___ PROVIDED ENTRIES

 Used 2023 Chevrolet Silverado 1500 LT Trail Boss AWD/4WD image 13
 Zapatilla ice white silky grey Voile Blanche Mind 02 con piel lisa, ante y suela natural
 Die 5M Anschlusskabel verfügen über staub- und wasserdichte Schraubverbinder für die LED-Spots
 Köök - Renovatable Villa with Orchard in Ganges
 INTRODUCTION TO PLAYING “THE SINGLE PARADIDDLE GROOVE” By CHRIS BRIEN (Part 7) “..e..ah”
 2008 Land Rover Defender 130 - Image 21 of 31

______

## WHAT YOU NEED TO DO:
Only the lines from the one that holds "Die 5M Anschlusskabel" through the end of the records should appear in the answer, each restated exactly.

## SOLUTION TO THE EXERCISE:
 Die 5M Anschlusskabel verfügen über staub- und wasserdichte Schraubverbinder für die LED-Spots
 Köök - Renovatable Villa with Orchard in Ganges
 INTRODUCTION TO PLAYING “THE SINGLE PARADIDDLE GROOVE” By CHRIS BRIEN (Part 7) “..e..ah”
 2008 Land Rover Defender 130 - Image 21 of 31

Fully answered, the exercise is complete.